Avocet counsel David Chizewer of Chicago moved for sanctions in March 2017, in a suit Gori filed for the estate of Thomas Griffith. 

Chizewer alleged violation of Rule 137, which states that the signature of an attorney certifies that a complaint is well grounded in fact. 

“Any reasonable inquiry would have revealed that Avocet has no connection to the alleged asbestos exposure and no liability,” Chizewer wrote. 

He wrote that naming Avocet wasn’t an innocent mistake or oversight but was a conscious, unapologetic, and systematic abuse of the legal system. 

He wrote that Avocet was a relatively small company in Chicago. 

Chizewer attached a spreadsheet of 411 suits Gori filed since 2008, naming Avocet but obtaining no payment from it through settlement. 

Amounts billed to Avocet added up to $759,409.41, an average of about $1,850 per case. 

Chizewer separately listed four suits that Avocet settled.  

In response, Gori moved to place the entire case in a “special closed” category. 

Associate Judge Stephen Stobbs, who presides over Madison County’s asbestos docket, granted the motion. 

Attorney Erin Beavers of Gori’s firm then opposed sanctions, writing that counsel had to determine the most likely companies and Avocet was one of them. 

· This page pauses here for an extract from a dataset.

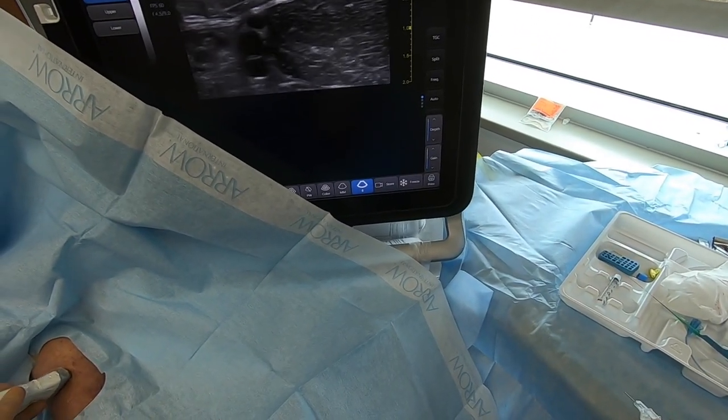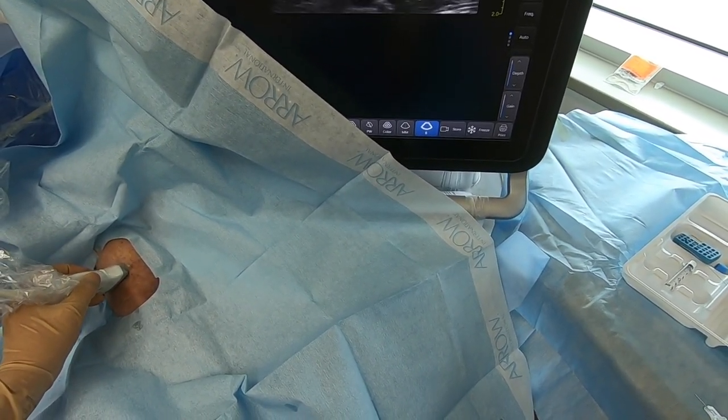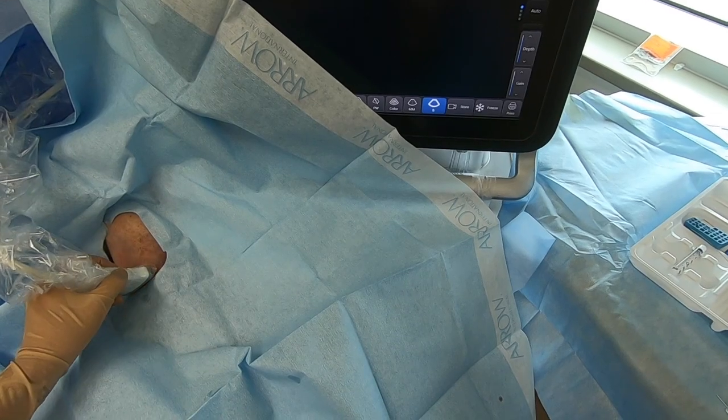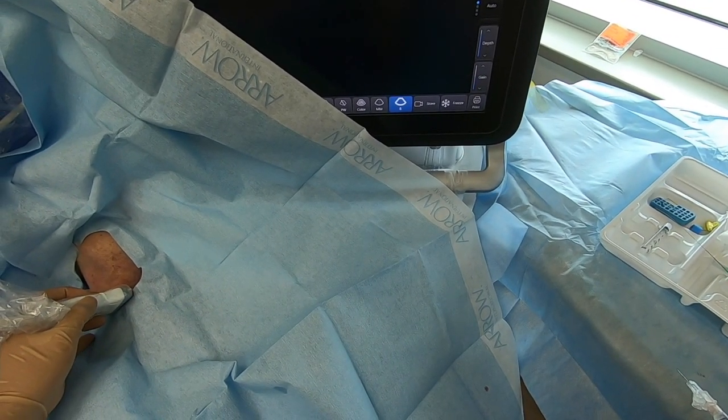These are going to be placed in one of the arm veins. Typically we'll start with a basilic, but the brachial is also viable and that's what we're using today. You can try the cephalic — it usually looks good, but tends to be hard to access.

She wrote that the case concluded after counsel was unable to obtain evidence to support the burden of proof. 

“Securing a dismissal for a defendant does not mean that a good faith basis did not exist at time of filing a complaint against that defendant,” Beavers wrote. 

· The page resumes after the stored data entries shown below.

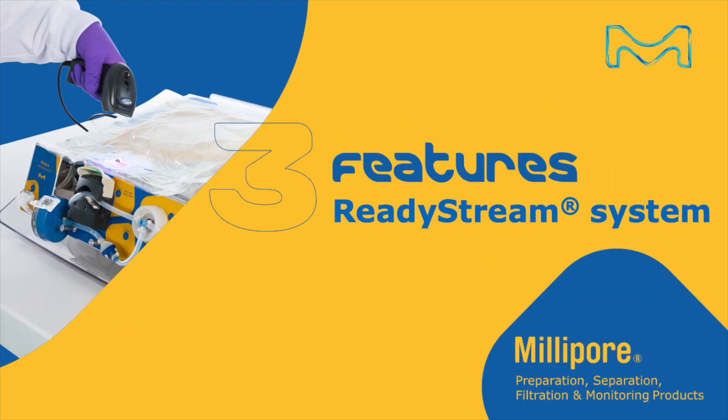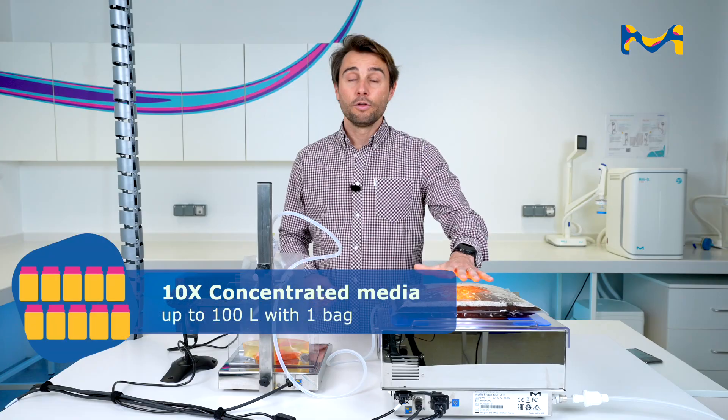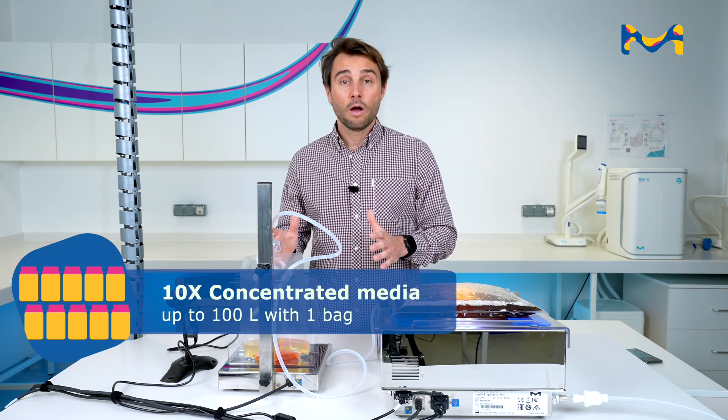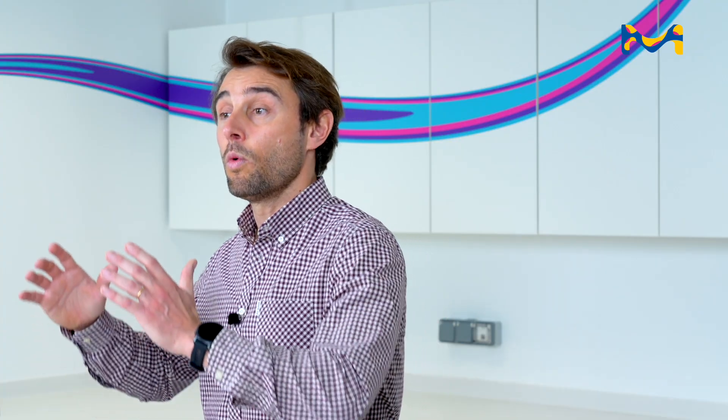So three features for ReadyStream. The first one, as I mentioned, is concentrated media — 10 times concentrated media. So with a bag of 3 liters, you can do up to 30 liters of buffer peptone water. With a bag of 10 liters, you can do up to 100 liters of buffer peptone water.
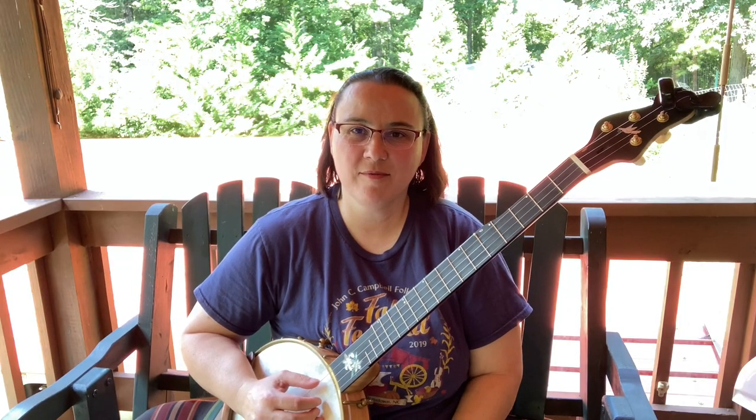Hey everybody, I hope you're doing well today. I've got a fun two-finger song for us in sawmill tuning called Shady Grove.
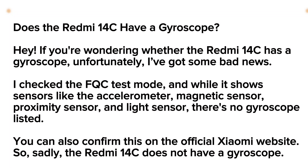What's up you guys — if you are wondering whether your Redmi 14C has a gyroscope, unfortunately I got bad news for you.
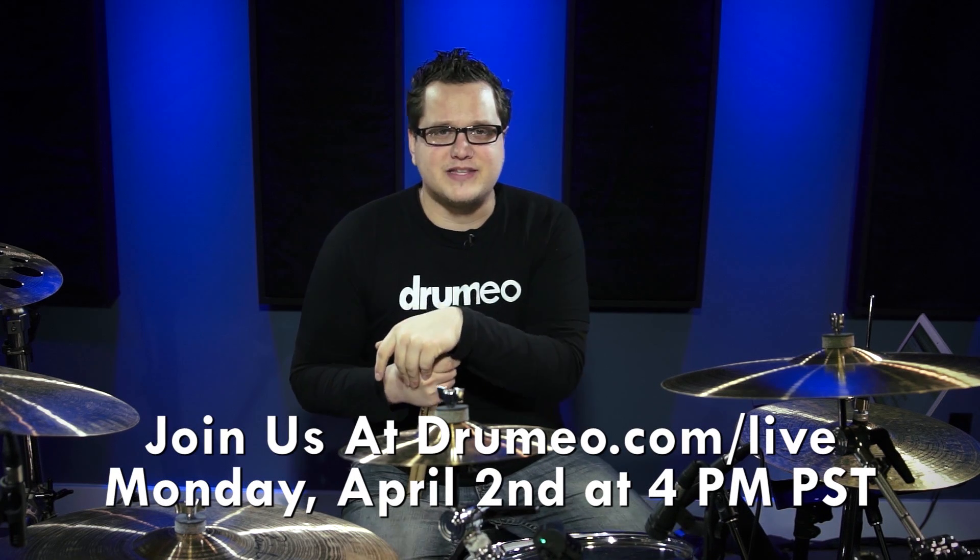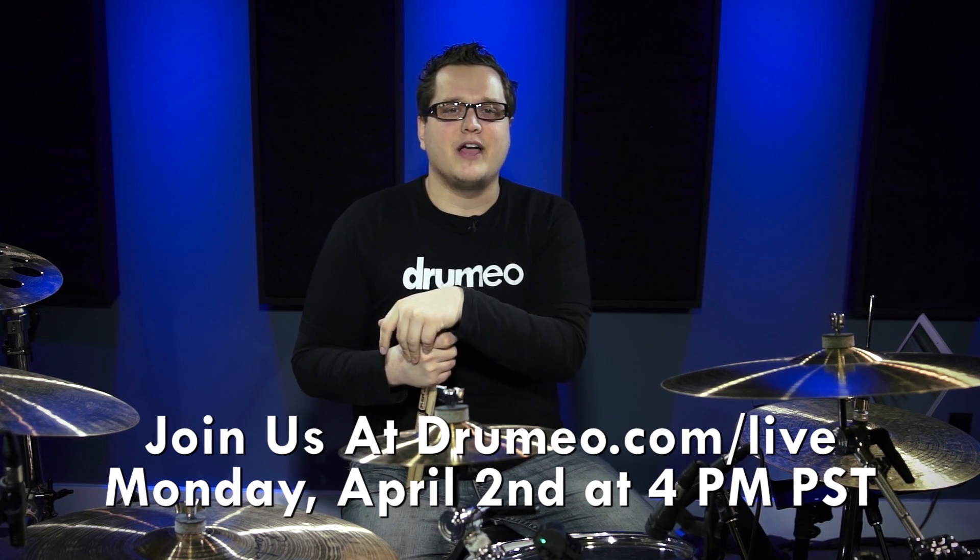In that lesson we're going to be giving away a bunch of free stuff — some shirts, some memberships — so definitely come on out, it's worth it and it's all free. I'm going to be teaching the lesson and we're going to have Callum Rees, another one of our awesome instructors, there as well. Hopefully I'll see you there April 2nd, 4pm Pacific Standard Time at www.drumeo.com/live.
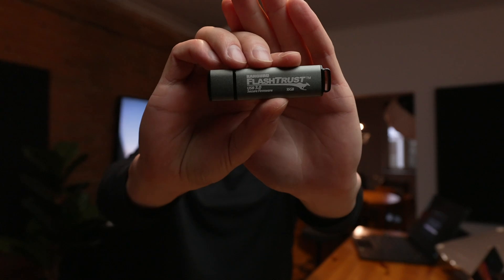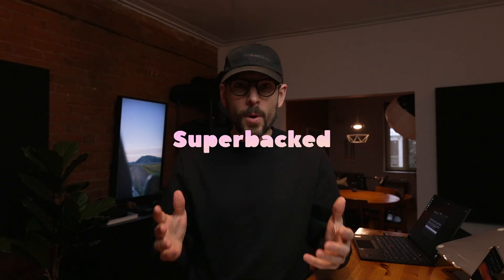Hey, Son here. I'm a privacy and security researcher, and you're watching The Privacy Guides. In today's episode, I want to talk about this little USB flash drive, which has a few features that are quite novel and very interesting in the context of sensitive use cases, such as running Superbacked.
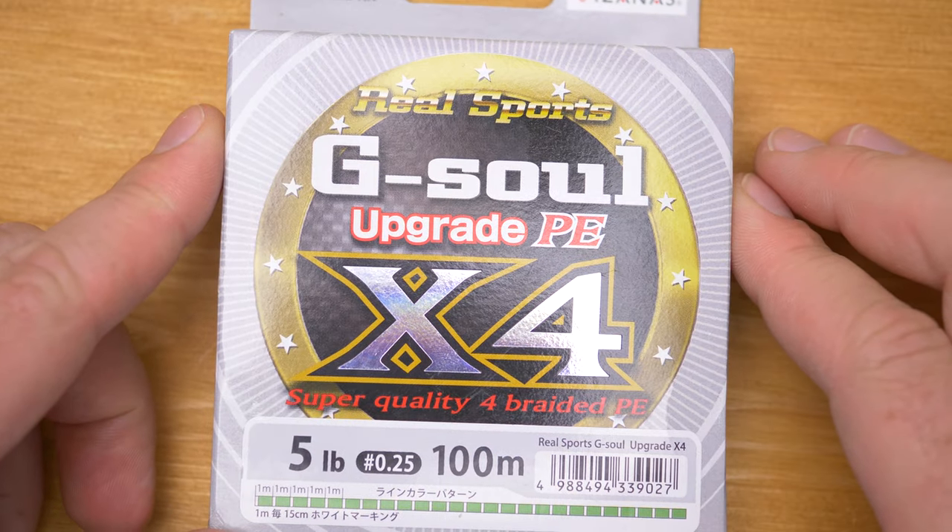I talked about a couple of issues, but I found a perfect way to overcome those issues and get much, much more performance — even out of great and expensive lines as well. So how do you overcome those issues you might have with braided lines?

She inserted a table showing Gori named Avocet 51 times in 2008, 26 times in 2009, 27 times in 2010, 70 times in 2011, 98 times in 2012, 62 times in 2013, 44 times in 2014, 21 times in 2015, ten times in 2016, and five times in 2017. 

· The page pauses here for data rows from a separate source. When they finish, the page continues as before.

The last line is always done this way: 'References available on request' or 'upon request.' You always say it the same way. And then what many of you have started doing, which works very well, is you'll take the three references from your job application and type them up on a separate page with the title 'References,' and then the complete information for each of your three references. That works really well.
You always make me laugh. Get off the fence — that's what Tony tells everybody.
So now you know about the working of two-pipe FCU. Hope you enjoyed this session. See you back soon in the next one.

Stobbs denied sanctions at a hearing in April 2017. 

He told Chizewer he had closed the case, “so I don’t see the need for the imposition of any kind of a monetary sanction.” 

“Plaintiff isn’t in a position to amend the complaint to allege the things that you say weren’t alleged, which of course they could if the case was still open,” Stobbs said. 

“There probably should be something in there that would give me notice of the nature of the claim. 

“I think that’s a point well taken and you know, could be considered as we move forward.” 

Chizewer petitioned the Fifth District for review, claiming Gori victimized Avocet by holding it hostage to litigation and seeking a settlement ransom. 

“Illinois courts readily award sanctions where plaintiffs include the wrong defendants out of laziness or simply to add a deep pocket,” Chizewer wrote. 

He wrote that closing of a case had no bearing on whether to award sanctions. 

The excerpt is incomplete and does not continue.